The women’s team placed second in both the Queen Ka`ahumanu Maliko Race and the Dutchy Kino Memorial Classic, both on Maui last month. On Sept. 3, they placed tenth out of 130 teams at the Queen Lili`uokalani Race in Kona.
Miguel hopes the Wa`a women’s success this year will draw more women paddlers next year. If there are more people who try out, there will be more competition to push everyone to be better, she said.
Until then, Miguel and her teammates are focusing on the last and biggest race of their season –the Na Wahine O Ke Kai, an annual all-womens race across the Ka`iwi Channel between Molokai and Oahu on Sunday, Sept. 23.
“Now that we know our potential, I just want to train even harder,” said Miguel. “It feels good to go to that podium.”
It has been a landmark season for the men paddlers, who have placed in all four races they’ve competed in this season.

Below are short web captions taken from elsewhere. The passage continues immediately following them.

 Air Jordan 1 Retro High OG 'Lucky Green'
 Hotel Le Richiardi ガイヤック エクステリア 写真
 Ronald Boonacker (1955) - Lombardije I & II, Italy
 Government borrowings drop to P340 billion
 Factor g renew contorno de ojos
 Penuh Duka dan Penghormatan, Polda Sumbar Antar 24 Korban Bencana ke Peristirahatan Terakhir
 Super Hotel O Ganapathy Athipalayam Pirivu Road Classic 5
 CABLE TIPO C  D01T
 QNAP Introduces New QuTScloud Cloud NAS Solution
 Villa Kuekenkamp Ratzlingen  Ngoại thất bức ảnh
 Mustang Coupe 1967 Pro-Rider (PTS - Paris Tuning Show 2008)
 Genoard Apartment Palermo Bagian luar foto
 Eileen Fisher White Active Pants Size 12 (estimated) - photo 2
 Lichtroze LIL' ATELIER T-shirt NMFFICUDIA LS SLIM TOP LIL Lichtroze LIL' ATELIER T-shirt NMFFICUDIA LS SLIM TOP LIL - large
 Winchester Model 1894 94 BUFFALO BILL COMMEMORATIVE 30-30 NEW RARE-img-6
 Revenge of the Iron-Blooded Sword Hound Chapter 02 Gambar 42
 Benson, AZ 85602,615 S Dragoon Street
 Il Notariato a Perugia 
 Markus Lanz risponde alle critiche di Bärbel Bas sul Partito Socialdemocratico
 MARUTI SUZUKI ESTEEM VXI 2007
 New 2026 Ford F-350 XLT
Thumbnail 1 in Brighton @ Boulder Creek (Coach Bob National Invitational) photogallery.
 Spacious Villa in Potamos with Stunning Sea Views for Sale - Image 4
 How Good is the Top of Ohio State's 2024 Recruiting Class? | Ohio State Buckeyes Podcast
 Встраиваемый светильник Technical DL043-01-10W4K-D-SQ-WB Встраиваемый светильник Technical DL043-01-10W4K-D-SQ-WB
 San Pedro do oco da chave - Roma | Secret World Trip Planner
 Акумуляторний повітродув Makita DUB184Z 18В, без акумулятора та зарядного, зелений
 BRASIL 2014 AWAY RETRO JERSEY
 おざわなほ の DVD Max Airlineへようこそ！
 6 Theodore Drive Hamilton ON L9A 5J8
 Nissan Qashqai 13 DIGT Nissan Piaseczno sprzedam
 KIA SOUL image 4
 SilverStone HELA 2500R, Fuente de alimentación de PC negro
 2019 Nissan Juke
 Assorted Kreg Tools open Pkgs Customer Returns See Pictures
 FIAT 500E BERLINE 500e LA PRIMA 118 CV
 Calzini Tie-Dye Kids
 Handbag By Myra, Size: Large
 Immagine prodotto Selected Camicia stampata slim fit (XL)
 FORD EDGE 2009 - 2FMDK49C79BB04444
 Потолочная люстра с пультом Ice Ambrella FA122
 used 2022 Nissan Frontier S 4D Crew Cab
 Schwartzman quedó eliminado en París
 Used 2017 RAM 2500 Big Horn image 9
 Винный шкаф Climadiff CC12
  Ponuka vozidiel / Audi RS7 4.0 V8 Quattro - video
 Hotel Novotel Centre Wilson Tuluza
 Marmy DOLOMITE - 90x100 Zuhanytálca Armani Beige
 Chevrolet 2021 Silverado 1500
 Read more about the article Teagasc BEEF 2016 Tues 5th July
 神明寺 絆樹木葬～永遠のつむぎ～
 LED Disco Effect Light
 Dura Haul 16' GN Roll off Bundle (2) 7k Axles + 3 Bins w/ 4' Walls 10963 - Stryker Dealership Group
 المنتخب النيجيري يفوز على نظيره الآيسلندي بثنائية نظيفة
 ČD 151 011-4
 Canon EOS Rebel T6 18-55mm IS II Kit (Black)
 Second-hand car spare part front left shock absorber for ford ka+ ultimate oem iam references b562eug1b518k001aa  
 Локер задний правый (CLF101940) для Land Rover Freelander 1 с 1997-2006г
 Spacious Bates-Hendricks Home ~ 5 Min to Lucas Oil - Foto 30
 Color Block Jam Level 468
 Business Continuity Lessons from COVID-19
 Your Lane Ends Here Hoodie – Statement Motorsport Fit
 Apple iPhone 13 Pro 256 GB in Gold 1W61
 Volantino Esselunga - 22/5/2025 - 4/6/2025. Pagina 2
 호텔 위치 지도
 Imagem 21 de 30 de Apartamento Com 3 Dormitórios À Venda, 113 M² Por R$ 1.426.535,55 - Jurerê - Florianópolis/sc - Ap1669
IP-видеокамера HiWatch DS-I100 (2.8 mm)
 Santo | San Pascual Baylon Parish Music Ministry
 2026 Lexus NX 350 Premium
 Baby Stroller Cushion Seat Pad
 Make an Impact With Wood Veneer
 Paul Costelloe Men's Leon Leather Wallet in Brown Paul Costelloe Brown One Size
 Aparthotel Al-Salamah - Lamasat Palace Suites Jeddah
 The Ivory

In addition to their recent victory at the Pailolo Challenge, the men took first at the Great Kahakuloa Race, second at the Dutchy Kino Memorial Classic and third out of 150 competing teams at the Queen Lili`uokalani Race earlier this month.
Team captain and acting coach Bozo Dudoit, who has been paddling for over 40 years, said that this year, their goal was to become the best crew in Maui County.
“We beat out Hawaiian [Canoe Club] this year, and hopefully will be able to trump Primo, the team to beat in Maui County,” said Dudoit. The team bested Hawaiian, one of the best teams in Maui, in the Great Kahakuloa Race last month, which is the first time they have beaten them in over 30 years, according to team member Clint Labrador.
The 15-member men’s team began training for this season in October of last year, starting with one day a week and then progressing to their current regimen of five afternoons per week. In addition to hours of paddling, they practice swim drills, conditioning exercises and sprints.
Extended training hours have led to a close-knit team, which Dudoit insists is the key to this group’s success.
“You can be superman, but if you’re not bonding with the crew, it ain’t going to happen,” he said. “Bonding is just as important as being in shape.”
When they are not paddling, the team may be found cleaning yards around the island to raise funds for the club. This year, they have already made about $5,000, most of which goes toward entry fees for the races. They want to be able to do more races so that they are better prepared for the big ones like Pailolo and Molokai Hoe, according to Dudoit.
The team’s next race is the 59th annual Molokai Hoe, which spans the 26-mile-long Ka`iwi Channel between Molokai and Oahu. Over 1,000 paddlers from all over the world are expected to compete in this year’s race, which will be held on Sunday, Oct. 7.